Third, the sewerage projects were premised on a cost recovery model similar to that of the CMWSS. In both cases, therefore, recovering costs became the defining criterion for success. Without the support of intermediary organizations, the user committee was generally ill equipped to ignite change in sanitation behaviour for long-term effects. It is quite well established in the literature that efforts to improve sanitation facilities are intricately linked to sanitation behaviour.

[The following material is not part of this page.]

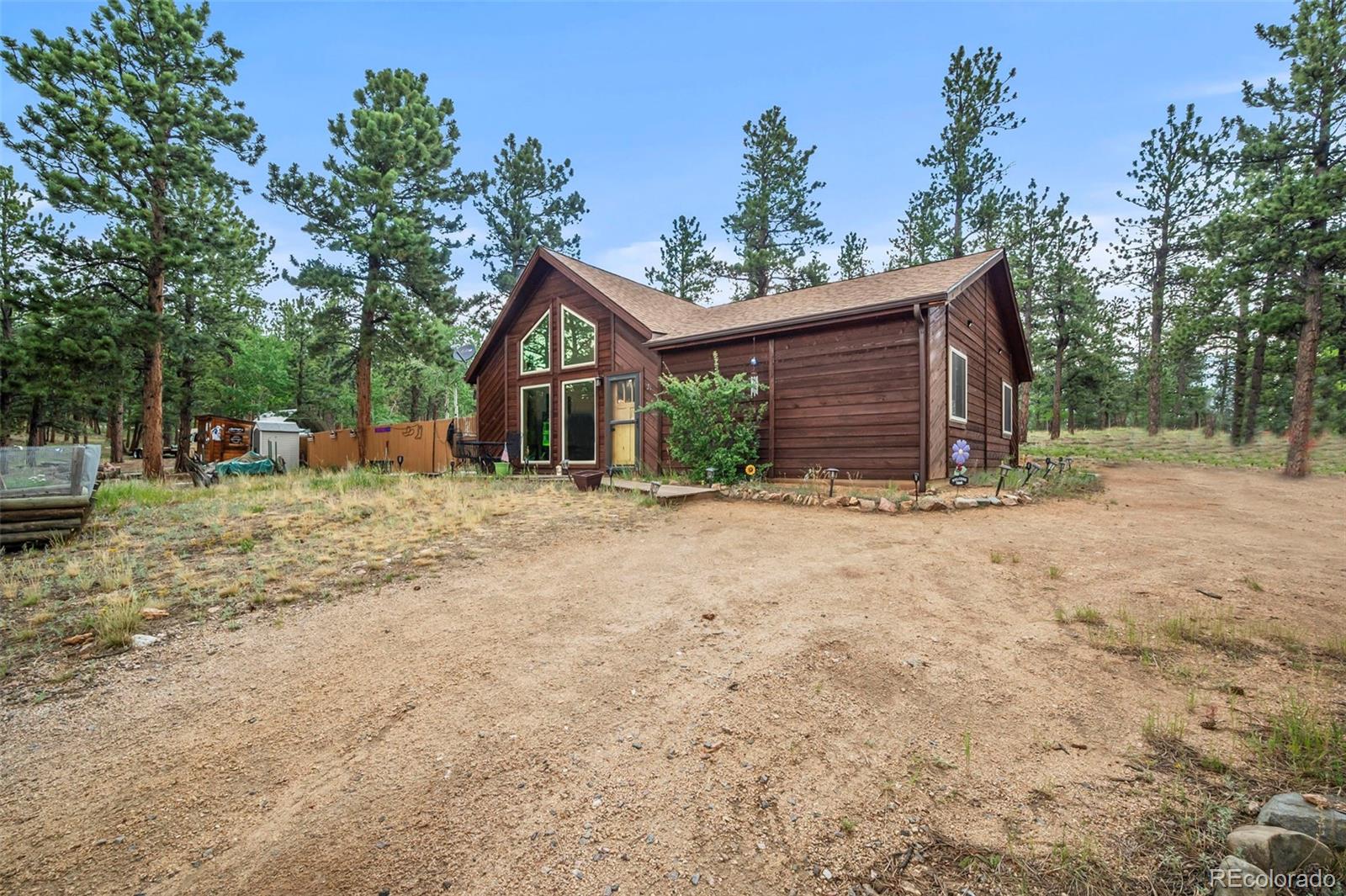 MLS Image #16 for 21  crystal rock road,bailey, Colorado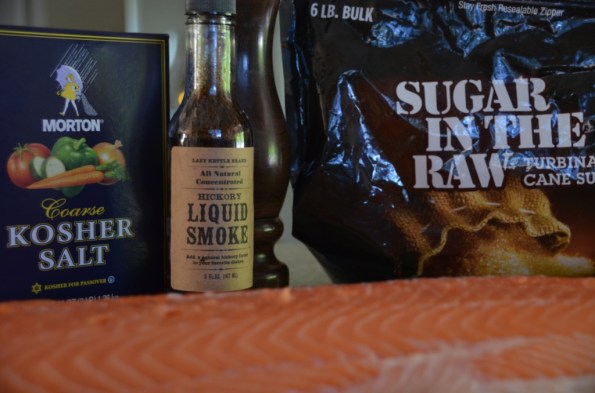 Smoked Salmon Recipe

In fact, this has become the basis for the success of the CLTS in rural areas.(49) In the Madyha Pradesh case, however, the focus was still on building individual toilets rather than considering a range of options tailored to households of different socioeconomic status. Despite being registered as the Community Water and Sanitation Committee (CWASC) under the Madhya Pradesh Society Act of 1973, the user committees’ training covered contracting procedures, supervision of works, accounting and bookkeeping, plumbing and engineering skills, and billing and collection mechanisms for the CMWSS. It did not encompass creating demand for sanitation (by discussing the associated benefits), which is a more difficult and time-consuming endeavour.
Finally, the demand-driven approach meant that the settlements selected to receive sewerage projects were not necessarily the ones that faced dire conditions but rather those where households could pay for services. Since households were already paying for water through the CMWSS, the assumption was that they would be willing to pay for sanitation facilities. From the technical standpoint, given the challenges of on-site sanitation in urban areas where there is a lack of space, the decision of the local government to connect the notified slums that had received the CMWSS to sewerage systems appears to be sound since water supply is a prerequisite for any sanitation facility. Yet it falls short by not taking into proper consideration the socio-demographic profiles of the populations being served. Although the selection of the notified slums that received the CMWSS was based on a citywide poverty pocket situation analysis, demand for water and sanitation can vary across poverty pockets and even within each settlement. Moreover, for sanitation improvements, unless all households are targeted, the outcomes might not be as effective, particularly in meeting the MDG target. Where cost recovery is the key driver for community-managed sanitation projects, the goal of universal service provision becomes elusive. For instance, if open defecation persists due to the inability of some households to pay for sewerage connections, it can undermine the long-term public benefits of improved sanitation.(50) At the same time, it raises questions about equity – what options would households that are less willing to pay, such as renters or newcomers, have?
VIII. Conclusions
In this study, I explored the status of sanitation in informal settlements in two cities in central India, with particular focus on community-managed sewerage projects. Three key insights emerged from the findings.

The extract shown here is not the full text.